[mythtv-users] 0.25 to 0.26 upgrade issue with MYSQL
Michael T. Dean
mtdean at thirdcontact.com
Tue Aug 6 13:26:40 UTC 2013
On 08/04/2013 09:21 PM, Yeechang Lee wrote:
> Steve Greene says:
>> Yep, set to my local IP subnet. It's behaving as if "skip-networking"
>> were set. I can set myth to "localhost" as the hostname and it
>> connects.
> I recently had to recreate my database from backup and found that,
> contrary to the various instructions (such as
> <URL:http://www.mythtv.org/wiki/MythTV-HOWTO_-_0.26>),
>
> grant all on mythconverg.* to mythtv@"%.mydomain.com" identified
> by "mythtv";
>
> was insufficient to let mythbackend connect to the database on the
> same machine. I had to specify the hostname with
>
> grant all on mythconverg.* to mythtv@"hostname.mydomain.com"
> identified by "mythtv";
>
> I didn't edit the wiki because as a MySQL non-expert there is likely
> something I'm missing that does permit the first line to work, but
> there you go.
The first line will work as long as there are no other existing
more-specific permissions that cover the host in question.

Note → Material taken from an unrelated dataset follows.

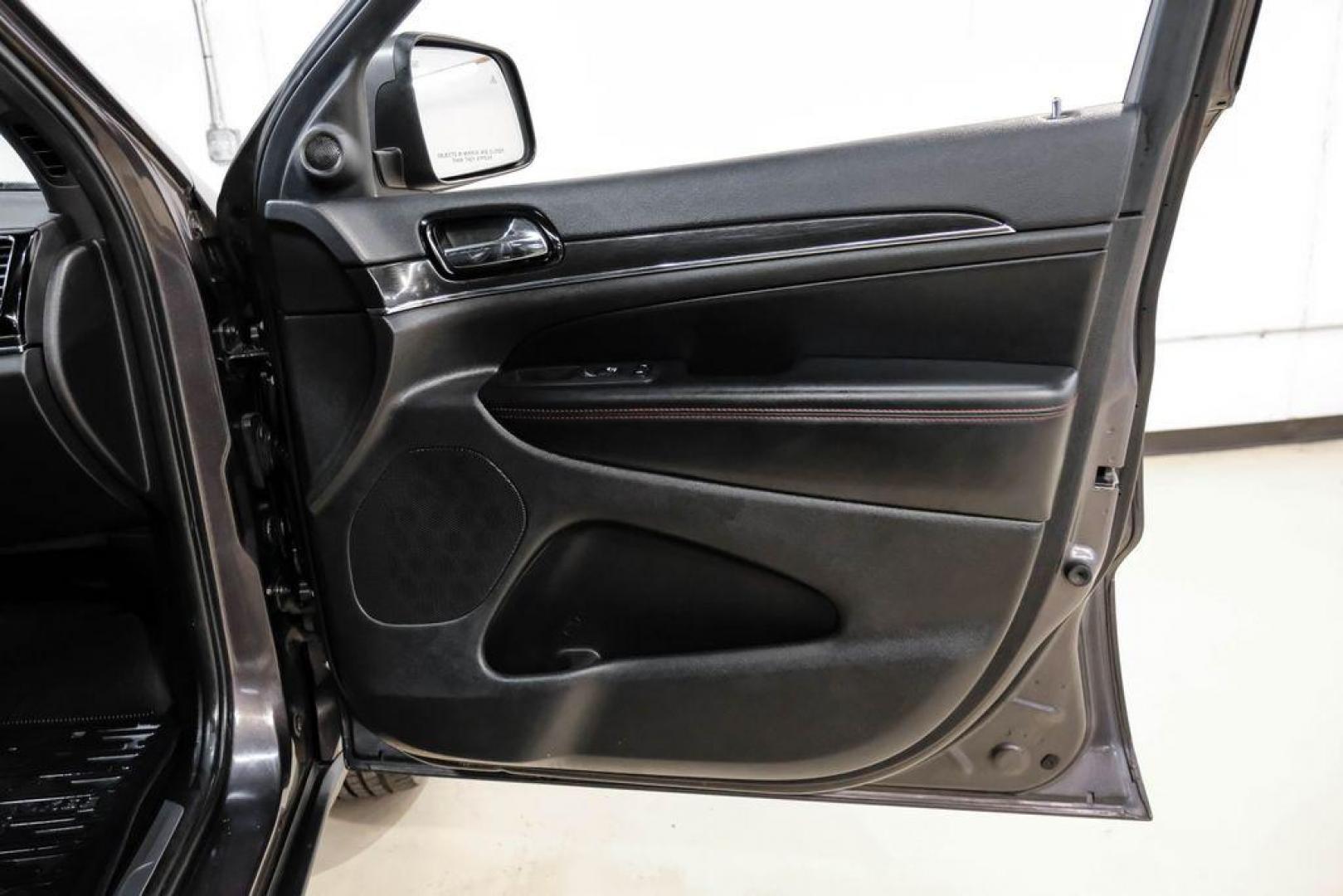 2019 Granite Crystal Metallic Clearcoat /Black Jeep Grand Cherokee Trailhawk (1C4RJFLT3KC) with an 5.7L V8 HEMI engine, Automatic transmission, located at 15300 Midway Rd., Addison, TX, 75001, (972) 702-0011, 32.958321, -96.838074 - Photo#51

So, if you have a system with an empty users table and do:
grant select on mythconverg.* to mythtv@"hostname.mydomain.com"
identified by "mythtv";
followed by:
grant all on mythconverg.* to mythtv@"%.mydomain.com" identified by
"mythtv";
followed by the obligatory:
flush privileges;
(or restarting mysqld), then hostname.mydomain.com will only be allowed
to issue SELECT statements to the mythconverg database, because that
privilege is more specific than the '%.mydomain.com' privilege. So,
it's likely that your distro put some
more-specific-than-'%.mydomain.com' privilege in place for the host that
"overrode" your generic privilege.
Note, also, that in many distros, something has been changed such that
the database passwords aren't properly updated/set by GRANT statements,
so you also have to do a SET PASSWORD to actually make the passwords work.
All of this is exactly why we hope to eventually embed the
database--because MythTV users shouldn't have to become database
administrators just to run a DVR. MySQL configuration is difficult and
requires learning a lot of MySQL-specific stuff, especially if your
distro's packages don't just do the right thing.
BTW, to the OP, are you actually using the Mythbuntu packages on your
Mint system? AIUI, you can (and you probably should, because they're
good, up-to-date packages that do a lot of the configuration for you).